SAN FRANCISCO -- The University of California has $10 million to expand online education in the governor's budget proposal. But no one knows what the programs will look like or how much money they will save the university, if any.
Gov. Jerry Brown, who attended a UC Regents meeting Wednesday, stressed the potential of online coursework for cost savings, saying the university can't afford to continue operating as it has -- at least, not without raising tuition, which he has discouraged.
Brown also said the new educational offerings, harnessing the latest technology, would be stronger, not just less expensive. As he put it to reporters after the discussion, "What is being talked about is better, cheaper."
Some leaders have floated the idea of encouraging undergraduates to take 10 percent of their courses online, particularly for lower-division courses. Others have suggested the courses be made available to students who wish to transfer into the system. UC Berkeley's law school dean, Christopher Edley, proposed an entirely new charter campus devoted to online education, with faculty at the heart of it.
In short, the future of online education for UC could be anything. Maybe.
"What we're talking about is exploring an option and seeing if the option works," board chairwoman Sherry Lansing said. "We don't know anything, which is why these goal posts are going to be moving goal posts."
UC's campuses offer hundreds of courses online to their undergraduate students and some degree programs. But many of them are campus-specific. The UC Online Education initiative aims to change that. It has 14 systemwide online courses for its students and aims to develop about 12 more per year by pairing faculty members with designers.
The founders of three leading online education startups, Udacity, Coursera and EdX, made the case for the online programs. They spoke of the possibilities, and the need for exploration.
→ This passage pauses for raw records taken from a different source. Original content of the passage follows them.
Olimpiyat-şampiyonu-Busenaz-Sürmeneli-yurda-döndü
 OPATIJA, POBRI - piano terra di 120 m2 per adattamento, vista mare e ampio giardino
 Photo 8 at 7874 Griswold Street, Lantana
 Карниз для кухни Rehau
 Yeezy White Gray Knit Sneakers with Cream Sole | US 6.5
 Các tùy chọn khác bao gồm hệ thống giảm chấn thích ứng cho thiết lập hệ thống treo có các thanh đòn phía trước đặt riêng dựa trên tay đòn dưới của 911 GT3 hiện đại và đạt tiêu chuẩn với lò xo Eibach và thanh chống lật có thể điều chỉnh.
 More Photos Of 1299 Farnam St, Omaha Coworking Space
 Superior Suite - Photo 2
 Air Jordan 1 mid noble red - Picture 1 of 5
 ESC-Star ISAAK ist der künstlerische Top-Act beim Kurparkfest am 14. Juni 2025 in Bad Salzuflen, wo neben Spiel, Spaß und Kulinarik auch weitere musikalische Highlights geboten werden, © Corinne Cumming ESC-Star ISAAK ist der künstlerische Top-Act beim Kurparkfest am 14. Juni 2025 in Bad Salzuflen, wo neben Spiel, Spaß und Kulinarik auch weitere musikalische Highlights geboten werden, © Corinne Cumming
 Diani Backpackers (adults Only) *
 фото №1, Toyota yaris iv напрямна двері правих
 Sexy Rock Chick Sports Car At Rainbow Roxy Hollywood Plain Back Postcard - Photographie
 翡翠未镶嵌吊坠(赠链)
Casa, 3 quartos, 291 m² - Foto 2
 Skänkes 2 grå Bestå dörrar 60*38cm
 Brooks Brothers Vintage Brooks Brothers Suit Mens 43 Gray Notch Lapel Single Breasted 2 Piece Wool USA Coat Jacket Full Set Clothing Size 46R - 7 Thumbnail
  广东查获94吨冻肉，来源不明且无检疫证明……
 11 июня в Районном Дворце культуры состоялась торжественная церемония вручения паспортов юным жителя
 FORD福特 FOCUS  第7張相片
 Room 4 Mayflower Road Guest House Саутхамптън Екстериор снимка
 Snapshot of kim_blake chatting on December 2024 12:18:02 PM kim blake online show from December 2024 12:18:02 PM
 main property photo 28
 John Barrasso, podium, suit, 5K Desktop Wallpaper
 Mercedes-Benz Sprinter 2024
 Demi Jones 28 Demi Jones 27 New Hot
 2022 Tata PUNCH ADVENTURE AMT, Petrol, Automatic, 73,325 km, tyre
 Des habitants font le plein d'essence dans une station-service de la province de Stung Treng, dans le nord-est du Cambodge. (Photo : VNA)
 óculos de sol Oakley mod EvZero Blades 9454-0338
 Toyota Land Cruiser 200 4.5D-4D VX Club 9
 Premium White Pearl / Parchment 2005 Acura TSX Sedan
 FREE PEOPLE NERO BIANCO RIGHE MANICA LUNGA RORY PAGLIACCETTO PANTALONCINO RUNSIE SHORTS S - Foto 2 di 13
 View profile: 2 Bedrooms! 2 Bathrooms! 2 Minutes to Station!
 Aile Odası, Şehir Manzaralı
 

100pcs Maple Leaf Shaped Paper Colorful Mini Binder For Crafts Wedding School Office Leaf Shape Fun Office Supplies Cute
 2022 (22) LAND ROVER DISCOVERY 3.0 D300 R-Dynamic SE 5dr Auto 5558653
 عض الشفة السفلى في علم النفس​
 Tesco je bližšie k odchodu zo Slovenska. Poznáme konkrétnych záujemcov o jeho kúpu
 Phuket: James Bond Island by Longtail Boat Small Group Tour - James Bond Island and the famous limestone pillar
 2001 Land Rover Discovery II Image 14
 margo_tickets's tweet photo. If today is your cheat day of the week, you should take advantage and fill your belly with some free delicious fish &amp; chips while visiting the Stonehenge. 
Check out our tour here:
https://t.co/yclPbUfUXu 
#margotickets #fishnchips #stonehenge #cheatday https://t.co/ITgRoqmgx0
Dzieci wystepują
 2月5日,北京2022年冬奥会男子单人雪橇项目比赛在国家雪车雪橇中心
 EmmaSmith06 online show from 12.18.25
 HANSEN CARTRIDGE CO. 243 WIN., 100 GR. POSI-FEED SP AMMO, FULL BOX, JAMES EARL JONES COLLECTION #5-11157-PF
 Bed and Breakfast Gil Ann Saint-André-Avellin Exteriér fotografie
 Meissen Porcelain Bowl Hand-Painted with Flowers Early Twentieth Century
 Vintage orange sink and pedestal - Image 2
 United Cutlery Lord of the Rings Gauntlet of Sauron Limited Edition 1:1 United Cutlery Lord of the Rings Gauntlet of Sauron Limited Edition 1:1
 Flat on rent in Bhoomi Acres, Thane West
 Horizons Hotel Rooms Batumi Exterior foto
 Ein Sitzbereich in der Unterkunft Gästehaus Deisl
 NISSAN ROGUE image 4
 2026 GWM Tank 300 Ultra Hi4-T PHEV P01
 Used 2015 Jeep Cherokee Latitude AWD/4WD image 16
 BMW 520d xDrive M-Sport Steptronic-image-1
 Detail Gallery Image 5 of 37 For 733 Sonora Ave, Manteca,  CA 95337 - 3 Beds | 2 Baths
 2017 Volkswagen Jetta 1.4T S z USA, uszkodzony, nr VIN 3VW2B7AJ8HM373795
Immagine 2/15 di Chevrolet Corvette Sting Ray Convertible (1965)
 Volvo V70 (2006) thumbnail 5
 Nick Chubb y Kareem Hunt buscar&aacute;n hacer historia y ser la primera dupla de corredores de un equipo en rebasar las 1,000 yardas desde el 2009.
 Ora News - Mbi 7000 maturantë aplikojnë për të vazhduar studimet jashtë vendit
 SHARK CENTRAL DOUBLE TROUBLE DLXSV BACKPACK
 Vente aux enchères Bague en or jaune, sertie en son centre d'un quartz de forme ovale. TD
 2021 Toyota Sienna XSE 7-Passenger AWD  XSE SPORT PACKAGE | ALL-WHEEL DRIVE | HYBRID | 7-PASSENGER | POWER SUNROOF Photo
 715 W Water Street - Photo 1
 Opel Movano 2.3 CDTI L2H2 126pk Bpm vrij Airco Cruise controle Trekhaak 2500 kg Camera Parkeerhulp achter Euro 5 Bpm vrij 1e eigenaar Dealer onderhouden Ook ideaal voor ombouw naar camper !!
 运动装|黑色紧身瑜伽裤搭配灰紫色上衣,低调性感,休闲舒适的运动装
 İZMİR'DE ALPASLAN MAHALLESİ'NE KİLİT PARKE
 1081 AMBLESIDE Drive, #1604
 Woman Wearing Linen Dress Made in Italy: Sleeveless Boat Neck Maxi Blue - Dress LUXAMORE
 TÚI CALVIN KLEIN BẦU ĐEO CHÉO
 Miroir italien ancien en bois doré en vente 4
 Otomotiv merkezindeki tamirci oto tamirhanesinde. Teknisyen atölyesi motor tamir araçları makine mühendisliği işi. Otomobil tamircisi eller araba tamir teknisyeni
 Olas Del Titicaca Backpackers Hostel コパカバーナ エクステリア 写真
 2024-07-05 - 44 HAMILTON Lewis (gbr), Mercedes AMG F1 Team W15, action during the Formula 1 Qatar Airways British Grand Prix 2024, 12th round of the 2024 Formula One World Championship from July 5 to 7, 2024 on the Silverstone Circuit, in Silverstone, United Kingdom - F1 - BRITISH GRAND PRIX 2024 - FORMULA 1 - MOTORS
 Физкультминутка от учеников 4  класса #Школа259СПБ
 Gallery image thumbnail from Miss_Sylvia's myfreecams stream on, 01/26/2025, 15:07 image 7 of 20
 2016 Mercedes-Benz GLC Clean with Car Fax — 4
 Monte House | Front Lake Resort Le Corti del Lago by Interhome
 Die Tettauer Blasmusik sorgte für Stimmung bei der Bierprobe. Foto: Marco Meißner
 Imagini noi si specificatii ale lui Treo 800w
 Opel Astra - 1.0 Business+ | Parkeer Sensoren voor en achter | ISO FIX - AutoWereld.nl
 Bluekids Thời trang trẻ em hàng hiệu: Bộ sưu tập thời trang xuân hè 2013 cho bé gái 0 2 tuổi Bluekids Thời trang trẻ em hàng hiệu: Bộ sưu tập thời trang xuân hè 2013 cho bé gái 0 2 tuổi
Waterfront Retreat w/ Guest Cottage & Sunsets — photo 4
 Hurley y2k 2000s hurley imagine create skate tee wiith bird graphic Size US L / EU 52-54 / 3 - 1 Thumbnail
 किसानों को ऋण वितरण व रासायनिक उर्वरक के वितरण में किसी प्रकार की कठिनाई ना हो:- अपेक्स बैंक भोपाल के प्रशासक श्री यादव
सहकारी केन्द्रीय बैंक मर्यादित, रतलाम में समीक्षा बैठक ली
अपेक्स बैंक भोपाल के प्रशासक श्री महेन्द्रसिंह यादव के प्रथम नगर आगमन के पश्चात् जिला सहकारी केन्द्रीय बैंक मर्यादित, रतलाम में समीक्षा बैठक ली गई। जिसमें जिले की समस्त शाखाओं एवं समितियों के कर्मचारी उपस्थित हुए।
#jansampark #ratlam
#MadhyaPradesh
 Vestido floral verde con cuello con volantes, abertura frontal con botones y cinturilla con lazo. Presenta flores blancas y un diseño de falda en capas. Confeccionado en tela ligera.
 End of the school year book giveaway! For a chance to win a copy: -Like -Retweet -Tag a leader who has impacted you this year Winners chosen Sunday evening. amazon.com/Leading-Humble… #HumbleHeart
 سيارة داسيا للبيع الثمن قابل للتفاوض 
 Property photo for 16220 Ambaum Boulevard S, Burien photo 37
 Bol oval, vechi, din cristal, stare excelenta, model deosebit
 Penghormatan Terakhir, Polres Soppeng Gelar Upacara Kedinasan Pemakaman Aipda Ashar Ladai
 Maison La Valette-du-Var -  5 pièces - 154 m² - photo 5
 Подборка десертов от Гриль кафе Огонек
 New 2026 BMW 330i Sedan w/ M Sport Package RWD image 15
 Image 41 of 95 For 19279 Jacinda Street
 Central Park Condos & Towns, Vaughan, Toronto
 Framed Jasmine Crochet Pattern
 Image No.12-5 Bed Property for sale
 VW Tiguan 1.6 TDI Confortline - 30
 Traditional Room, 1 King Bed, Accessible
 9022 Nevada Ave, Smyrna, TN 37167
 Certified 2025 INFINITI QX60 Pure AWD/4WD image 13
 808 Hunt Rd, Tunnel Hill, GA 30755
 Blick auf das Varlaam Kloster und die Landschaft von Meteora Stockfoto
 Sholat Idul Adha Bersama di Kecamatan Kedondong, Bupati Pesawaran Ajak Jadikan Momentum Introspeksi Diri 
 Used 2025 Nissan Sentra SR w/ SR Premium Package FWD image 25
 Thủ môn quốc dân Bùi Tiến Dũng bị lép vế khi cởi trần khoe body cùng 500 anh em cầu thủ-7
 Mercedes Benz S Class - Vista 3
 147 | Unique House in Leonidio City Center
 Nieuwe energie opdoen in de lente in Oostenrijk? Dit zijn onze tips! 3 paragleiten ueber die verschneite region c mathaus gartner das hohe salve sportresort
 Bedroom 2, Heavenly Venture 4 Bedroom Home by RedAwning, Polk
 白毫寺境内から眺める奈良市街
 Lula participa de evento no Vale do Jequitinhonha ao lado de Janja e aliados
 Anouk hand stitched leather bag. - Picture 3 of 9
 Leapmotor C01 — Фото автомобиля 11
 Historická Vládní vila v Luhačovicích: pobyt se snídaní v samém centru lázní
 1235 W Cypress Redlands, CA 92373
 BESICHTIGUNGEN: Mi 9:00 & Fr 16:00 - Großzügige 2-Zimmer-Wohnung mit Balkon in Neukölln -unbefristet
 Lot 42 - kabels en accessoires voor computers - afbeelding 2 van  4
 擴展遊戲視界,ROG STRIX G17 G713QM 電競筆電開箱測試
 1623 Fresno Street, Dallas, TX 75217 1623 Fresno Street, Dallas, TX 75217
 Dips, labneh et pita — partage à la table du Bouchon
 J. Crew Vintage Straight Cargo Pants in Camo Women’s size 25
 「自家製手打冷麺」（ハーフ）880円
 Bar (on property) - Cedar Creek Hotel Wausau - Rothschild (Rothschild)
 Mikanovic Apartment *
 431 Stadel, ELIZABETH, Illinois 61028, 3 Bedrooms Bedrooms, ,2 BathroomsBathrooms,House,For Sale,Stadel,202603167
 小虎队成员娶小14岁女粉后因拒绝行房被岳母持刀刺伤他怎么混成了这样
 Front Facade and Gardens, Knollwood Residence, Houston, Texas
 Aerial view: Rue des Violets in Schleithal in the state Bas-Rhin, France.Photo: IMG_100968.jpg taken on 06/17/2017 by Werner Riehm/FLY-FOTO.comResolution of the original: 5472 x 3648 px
None of them claimed to have found the answers, particularly as they relate to the bottom line. They also noted that few students -- about 10 percent -- actually complete the free classes offered without credit.
One campus leader said students do embrace the infusion of technology into their courses. But, said Sophia Armen, UC Santa Barbara's student body president, given that none of the models has yielded financial returns, the university should keep its focus on the fundamental issues: cost and quality.
"In essence, I don't think online education is the grand solution to the UC's problems," she said.